# What is needed
As the answer, give every line of the records that includes the word "young".

# Provided data
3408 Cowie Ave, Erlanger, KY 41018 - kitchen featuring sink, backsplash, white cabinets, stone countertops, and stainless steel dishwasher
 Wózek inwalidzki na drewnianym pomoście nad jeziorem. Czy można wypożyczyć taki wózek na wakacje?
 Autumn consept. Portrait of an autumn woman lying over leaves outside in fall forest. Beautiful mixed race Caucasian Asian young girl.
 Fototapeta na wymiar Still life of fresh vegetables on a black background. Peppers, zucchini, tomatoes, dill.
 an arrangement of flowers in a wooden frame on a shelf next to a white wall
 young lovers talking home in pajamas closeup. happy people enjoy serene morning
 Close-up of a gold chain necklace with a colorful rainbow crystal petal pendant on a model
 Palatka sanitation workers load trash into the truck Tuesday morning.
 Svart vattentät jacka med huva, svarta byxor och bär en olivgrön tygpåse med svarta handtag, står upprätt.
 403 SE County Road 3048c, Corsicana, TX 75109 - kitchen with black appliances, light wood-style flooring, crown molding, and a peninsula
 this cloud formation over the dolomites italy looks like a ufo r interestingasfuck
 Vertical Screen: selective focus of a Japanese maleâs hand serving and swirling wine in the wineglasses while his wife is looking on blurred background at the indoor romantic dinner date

# Answer below
 Autumn consept. Portrait of an autumn woman lying over leaves outside in fall forest. Beautiful mixed race Caucasian Asian young girl.
 young lovers talking home in pajamas closeup. happy people enjoy serene morning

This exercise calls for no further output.